Exercise description: Find the line with "Crypte - église de Lémenc" in the records below. Copy it and every line after it, up to and including the line with "Mano sostiene móvil".

Information shown:
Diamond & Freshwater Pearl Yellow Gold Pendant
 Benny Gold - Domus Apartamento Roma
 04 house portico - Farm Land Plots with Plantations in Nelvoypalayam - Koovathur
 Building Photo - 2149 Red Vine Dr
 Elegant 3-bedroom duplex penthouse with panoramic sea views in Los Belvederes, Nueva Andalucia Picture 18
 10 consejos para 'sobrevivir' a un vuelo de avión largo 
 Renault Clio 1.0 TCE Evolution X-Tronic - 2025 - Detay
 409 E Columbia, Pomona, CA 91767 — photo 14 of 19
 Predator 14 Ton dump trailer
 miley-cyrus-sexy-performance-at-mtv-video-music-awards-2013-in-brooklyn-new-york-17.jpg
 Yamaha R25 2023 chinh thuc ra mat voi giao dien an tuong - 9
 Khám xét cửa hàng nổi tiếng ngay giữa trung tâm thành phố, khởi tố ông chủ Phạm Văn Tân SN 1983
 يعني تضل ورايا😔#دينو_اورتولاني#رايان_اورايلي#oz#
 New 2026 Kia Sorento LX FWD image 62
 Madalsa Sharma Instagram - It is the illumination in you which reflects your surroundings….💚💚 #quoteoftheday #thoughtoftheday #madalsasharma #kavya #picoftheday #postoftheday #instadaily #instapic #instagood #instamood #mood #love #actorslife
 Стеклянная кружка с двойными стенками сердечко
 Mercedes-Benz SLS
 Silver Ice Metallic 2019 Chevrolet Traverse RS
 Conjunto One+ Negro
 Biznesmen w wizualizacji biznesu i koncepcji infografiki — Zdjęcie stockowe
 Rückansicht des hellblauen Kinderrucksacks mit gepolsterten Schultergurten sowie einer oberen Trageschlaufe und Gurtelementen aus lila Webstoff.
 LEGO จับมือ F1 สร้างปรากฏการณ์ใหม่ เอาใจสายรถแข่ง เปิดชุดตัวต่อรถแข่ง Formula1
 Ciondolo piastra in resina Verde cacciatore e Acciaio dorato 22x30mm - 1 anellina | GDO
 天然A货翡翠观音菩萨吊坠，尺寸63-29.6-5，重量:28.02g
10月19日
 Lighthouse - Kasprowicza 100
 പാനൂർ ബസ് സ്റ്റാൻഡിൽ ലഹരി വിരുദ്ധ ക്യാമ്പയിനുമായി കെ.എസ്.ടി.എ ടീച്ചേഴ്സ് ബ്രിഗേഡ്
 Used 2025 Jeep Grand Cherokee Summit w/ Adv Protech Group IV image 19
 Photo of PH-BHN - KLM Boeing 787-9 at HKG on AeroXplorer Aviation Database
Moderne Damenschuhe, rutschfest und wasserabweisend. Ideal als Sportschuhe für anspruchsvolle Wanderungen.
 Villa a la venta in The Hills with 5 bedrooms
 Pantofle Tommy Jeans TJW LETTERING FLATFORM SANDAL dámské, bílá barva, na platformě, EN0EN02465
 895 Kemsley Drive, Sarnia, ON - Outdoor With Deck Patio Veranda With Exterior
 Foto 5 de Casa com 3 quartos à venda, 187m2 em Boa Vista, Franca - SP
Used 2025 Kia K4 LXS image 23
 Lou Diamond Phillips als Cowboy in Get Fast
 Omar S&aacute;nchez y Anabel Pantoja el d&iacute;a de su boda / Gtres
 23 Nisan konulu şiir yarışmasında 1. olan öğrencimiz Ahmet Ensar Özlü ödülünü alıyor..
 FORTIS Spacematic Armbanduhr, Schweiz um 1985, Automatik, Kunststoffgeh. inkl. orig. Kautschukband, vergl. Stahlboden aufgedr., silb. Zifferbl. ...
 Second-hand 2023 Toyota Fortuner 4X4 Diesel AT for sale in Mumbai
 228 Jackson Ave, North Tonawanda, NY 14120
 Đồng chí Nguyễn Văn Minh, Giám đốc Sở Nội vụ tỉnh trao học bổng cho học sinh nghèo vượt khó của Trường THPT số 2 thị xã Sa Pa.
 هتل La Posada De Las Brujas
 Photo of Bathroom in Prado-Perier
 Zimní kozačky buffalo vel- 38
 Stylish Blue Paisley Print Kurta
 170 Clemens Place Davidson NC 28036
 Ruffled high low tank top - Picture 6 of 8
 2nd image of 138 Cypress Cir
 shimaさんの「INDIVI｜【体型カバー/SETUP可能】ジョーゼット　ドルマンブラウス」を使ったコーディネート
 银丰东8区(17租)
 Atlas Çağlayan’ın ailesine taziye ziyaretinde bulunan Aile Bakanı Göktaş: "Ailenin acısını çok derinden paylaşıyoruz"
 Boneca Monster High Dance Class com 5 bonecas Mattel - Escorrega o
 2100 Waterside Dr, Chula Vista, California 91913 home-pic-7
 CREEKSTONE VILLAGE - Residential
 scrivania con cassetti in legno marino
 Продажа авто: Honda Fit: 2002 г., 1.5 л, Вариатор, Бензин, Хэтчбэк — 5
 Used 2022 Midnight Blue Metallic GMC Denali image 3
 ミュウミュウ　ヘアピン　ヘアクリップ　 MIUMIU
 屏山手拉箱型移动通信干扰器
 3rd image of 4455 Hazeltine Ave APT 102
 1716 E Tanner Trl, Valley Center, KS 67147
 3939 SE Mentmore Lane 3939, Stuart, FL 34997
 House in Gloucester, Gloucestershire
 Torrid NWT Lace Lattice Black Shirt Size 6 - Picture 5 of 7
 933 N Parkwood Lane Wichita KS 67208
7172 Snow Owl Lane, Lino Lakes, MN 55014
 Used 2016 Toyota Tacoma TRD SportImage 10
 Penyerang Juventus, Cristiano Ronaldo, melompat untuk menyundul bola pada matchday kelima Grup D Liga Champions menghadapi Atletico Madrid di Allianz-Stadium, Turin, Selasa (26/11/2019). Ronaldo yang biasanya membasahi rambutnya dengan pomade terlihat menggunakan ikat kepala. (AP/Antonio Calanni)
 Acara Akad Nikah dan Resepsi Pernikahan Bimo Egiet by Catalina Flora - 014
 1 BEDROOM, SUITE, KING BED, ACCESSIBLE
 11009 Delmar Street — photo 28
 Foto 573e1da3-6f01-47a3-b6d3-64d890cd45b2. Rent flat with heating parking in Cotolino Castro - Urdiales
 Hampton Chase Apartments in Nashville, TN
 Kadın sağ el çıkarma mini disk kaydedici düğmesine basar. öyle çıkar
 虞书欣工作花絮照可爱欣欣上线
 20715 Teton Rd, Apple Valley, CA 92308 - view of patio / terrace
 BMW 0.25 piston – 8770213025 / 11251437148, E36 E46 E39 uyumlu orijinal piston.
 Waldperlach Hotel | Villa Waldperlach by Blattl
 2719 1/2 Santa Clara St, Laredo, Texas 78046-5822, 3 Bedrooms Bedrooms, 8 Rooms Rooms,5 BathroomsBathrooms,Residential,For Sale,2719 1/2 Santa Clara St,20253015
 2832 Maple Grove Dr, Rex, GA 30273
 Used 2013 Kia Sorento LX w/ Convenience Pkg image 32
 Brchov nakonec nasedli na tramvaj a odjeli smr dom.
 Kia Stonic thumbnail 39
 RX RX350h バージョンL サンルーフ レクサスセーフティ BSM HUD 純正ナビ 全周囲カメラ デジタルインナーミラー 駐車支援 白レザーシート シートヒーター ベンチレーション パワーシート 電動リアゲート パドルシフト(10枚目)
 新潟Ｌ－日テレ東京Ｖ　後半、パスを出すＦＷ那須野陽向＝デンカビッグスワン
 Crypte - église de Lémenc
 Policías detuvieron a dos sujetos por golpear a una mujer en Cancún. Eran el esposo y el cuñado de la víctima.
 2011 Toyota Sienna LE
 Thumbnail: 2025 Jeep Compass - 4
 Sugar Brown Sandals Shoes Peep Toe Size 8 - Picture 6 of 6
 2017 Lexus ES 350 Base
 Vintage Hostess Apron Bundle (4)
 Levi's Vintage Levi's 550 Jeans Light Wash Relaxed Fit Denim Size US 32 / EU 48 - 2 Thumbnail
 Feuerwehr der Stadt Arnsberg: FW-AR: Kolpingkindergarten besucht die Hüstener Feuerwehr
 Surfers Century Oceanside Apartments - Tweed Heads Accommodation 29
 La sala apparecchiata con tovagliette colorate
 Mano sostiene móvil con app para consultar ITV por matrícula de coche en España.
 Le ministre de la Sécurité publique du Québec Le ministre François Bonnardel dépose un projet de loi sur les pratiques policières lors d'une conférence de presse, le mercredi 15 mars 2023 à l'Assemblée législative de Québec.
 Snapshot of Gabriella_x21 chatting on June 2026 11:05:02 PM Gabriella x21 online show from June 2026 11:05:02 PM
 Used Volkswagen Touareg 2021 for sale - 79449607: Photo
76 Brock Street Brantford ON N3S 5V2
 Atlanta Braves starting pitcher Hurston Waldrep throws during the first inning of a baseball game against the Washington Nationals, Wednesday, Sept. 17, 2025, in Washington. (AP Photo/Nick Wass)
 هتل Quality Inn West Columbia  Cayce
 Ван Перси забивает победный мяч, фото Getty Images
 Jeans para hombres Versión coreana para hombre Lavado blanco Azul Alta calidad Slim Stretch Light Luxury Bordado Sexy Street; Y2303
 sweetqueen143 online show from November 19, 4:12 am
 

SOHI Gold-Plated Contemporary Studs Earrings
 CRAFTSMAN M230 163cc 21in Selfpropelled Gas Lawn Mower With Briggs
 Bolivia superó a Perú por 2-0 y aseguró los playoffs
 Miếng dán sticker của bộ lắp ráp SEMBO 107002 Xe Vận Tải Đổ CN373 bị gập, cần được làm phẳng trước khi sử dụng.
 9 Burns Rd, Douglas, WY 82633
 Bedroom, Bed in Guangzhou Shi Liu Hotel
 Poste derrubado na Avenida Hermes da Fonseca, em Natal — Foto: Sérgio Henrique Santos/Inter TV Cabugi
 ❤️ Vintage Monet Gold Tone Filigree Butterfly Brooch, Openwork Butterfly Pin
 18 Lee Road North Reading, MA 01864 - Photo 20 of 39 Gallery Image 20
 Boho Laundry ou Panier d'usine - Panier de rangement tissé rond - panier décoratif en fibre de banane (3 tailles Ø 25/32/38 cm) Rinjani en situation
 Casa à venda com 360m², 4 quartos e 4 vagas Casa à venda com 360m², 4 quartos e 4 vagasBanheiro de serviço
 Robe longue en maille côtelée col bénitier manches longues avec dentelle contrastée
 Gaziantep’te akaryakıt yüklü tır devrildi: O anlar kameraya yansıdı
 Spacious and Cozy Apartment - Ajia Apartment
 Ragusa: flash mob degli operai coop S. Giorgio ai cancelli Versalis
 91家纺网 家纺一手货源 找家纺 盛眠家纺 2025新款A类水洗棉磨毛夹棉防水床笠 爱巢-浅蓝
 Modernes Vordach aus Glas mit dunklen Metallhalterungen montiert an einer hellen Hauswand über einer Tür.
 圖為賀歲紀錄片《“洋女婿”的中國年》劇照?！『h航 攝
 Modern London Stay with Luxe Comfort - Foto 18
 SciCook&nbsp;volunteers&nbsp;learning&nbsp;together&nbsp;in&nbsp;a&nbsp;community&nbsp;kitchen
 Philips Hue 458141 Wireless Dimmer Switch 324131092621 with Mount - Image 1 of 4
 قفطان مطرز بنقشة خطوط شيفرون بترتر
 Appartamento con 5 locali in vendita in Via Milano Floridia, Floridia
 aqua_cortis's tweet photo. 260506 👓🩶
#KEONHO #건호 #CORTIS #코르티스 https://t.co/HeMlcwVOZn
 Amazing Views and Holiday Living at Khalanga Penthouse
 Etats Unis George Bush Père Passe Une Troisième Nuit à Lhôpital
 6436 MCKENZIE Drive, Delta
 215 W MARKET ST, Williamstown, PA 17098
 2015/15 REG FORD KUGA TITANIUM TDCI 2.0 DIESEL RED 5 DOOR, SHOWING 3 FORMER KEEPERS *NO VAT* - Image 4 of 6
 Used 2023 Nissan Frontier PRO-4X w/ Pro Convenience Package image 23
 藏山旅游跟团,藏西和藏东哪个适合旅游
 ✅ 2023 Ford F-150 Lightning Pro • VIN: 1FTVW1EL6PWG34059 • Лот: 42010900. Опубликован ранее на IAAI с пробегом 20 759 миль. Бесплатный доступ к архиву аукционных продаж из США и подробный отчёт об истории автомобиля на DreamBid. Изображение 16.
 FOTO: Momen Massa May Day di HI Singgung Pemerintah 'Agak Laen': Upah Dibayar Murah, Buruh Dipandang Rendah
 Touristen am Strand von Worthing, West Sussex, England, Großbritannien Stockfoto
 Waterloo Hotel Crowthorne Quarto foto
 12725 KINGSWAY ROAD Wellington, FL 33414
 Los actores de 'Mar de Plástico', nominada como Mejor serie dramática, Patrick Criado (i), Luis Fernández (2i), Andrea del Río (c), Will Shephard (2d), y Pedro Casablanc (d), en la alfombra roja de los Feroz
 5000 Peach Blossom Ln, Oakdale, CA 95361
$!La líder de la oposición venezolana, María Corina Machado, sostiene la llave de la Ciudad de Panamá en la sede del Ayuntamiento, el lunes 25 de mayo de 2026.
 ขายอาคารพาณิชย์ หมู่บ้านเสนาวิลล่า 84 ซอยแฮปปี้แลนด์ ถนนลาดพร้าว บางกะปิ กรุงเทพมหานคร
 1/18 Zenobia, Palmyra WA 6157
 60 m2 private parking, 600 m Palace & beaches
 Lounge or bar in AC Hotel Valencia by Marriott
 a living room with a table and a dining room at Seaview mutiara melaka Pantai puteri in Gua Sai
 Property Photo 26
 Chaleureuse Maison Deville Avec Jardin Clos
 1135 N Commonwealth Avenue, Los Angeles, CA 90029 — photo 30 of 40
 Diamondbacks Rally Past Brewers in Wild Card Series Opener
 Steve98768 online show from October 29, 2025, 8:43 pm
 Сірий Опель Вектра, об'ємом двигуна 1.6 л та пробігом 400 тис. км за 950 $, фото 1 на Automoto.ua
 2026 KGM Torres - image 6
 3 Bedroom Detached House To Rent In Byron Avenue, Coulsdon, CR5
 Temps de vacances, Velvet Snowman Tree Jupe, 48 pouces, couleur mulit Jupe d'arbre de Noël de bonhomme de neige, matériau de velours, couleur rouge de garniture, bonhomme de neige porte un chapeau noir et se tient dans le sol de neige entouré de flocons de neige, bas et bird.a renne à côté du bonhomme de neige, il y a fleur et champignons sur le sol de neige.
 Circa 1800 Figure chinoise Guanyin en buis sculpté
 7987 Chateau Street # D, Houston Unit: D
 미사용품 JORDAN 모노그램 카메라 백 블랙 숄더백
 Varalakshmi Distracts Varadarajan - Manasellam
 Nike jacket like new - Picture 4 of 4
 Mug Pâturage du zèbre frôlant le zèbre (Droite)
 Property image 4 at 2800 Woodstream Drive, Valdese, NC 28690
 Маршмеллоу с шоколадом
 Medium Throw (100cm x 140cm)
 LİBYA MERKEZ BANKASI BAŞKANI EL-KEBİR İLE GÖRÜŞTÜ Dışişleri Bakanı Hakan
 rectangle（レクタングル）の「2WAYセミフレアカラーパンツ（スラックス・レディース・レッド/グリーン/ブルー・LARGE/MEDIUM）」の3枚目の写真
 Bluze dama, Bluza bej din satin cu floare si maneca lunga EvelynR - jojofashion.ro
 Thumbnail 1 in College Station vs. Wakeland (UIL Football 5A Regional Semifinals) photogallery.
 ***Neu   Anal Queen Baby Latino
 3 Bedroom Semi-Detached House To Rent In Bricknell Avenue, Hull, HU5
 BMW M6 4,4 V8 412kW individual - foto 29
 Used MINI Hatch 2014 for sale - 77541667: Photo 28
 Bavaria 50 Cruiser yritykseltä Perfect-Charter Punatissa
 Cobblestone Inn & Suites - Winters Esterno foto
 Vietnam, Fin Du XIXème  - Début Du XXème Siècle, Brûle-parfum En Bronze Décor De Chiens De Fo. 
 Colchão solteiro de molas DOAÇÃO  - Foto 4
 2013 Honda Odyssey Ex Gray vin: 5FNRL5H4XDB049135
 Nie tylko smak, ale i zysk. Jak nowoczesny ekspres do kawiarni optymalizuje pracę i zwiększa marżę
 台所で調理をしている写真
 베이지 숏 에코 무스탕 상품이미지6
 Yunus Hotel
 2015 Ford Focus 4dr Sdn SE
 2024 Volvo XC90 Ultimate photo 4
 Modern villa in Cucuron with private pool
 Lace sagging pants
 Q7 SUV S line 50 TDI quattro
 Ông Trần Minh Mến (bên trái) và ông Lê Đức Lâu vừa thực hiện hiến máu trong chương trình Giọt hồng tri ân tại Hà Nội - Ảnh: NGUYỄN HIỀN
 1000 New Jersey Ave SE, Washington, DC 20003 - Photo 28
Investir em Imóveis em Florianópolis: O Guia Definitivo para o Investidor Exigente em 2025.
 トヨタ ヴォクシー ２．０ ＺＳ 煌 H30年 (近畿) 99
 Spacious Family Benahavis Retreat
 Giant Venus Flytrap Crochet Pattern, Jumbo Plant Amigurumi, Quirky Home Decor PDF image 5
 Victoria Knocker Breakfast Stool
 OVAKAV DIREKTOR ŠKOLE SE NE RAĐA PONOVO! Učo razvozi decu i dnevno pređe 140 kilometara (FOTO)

Written solution:
 Crypte - église de Lémenc
 Policías detuvieron a dos sujetos por golpear a una mujer en Cancún. Eran el esposo y el cuñado de la víctima.
 2011 Toyota Sienna LE
 Thumbnail: 2025 Jeep Compass - 4
 Sugar Brown Sandals Shoes Peep Toe Size 8 - Picture 6 of 6
 2017 Lexus ES 350 Base
 Vintage Hostess Apron Bundle (4)
 Levi's Vintage Levi's 550 Jeans Light Wash Relaxed Fit Denim Size US 32 / EU 48 - 2 Thumbnail
 Feuerwehr der Stadt Arnsberg: FW-AR: Kolpingkindergarten besucht die Hüstener Feuerwehr
 Surfers Century Oceanside Apartments - Tweed Heads Accommodation 29
 La sala apparecchiata con tovagliette colorate
 Mano sostiene móvil con app para consultar ITV por matrícula de coche en España.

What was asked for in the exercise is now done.